* Your assignment *
Copy out exactly, from the entries that follow, the line holding "Autism Awareness Puzzles", the line holding "John Deere 490", and all lines between them, but no pictures.

* Records for this task *
------------------------------------

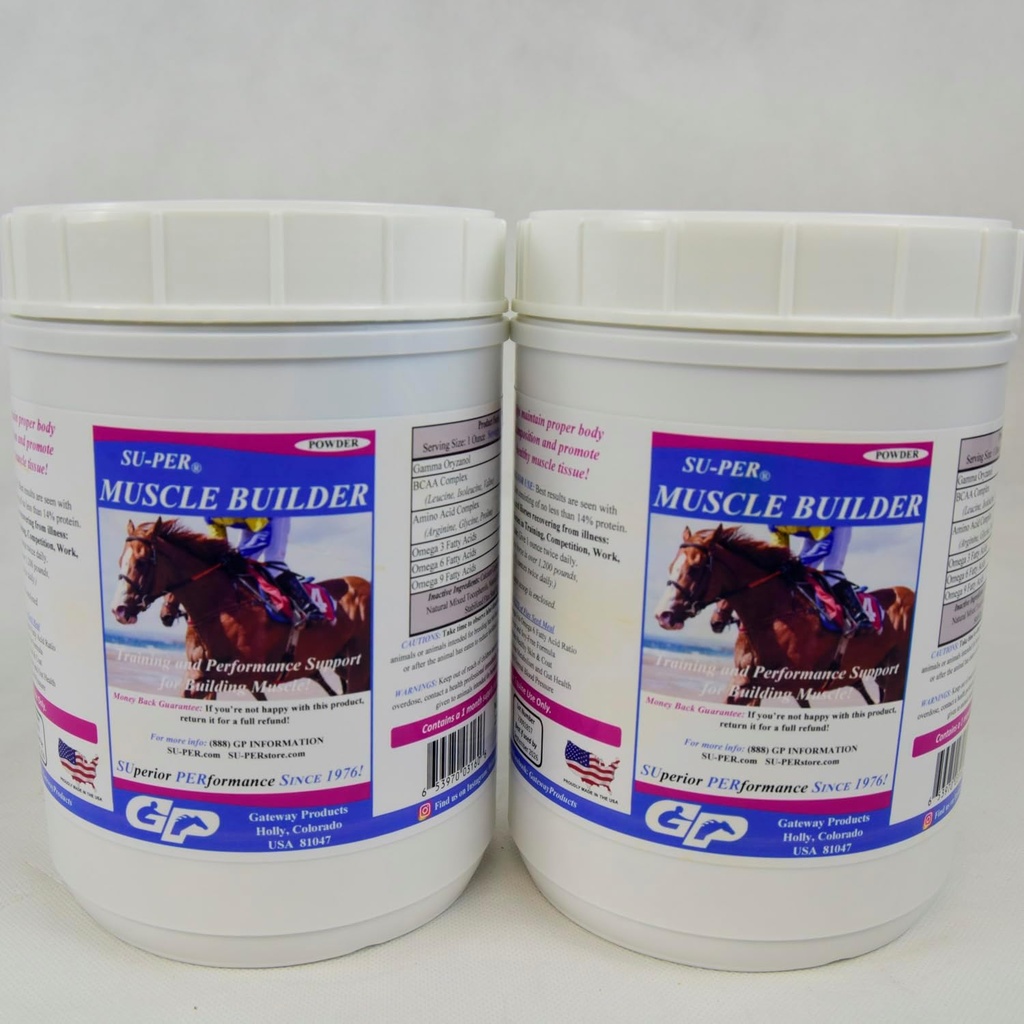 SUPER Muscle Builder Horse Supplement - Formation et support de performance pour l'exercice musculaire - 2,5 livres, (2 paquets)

------------------------------------

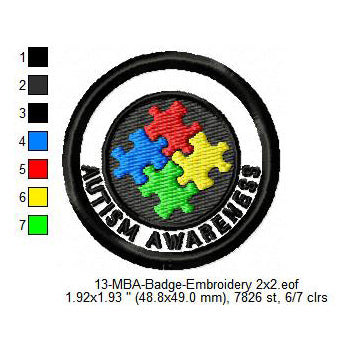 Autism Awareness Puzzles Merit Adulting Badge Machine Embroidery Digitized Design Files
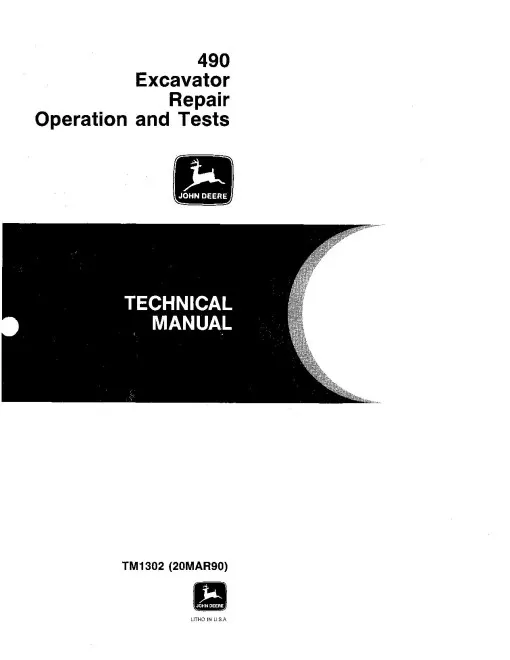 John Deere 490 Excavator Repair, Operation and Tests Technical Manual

------------------------------------

* Problem solution *
 Autism Awareness Puzzles Merit Adulting Badge Machine Embroidery Digitized Design Files
 John Deere 490 Excavator Repair, Operation and Tests Technical Manual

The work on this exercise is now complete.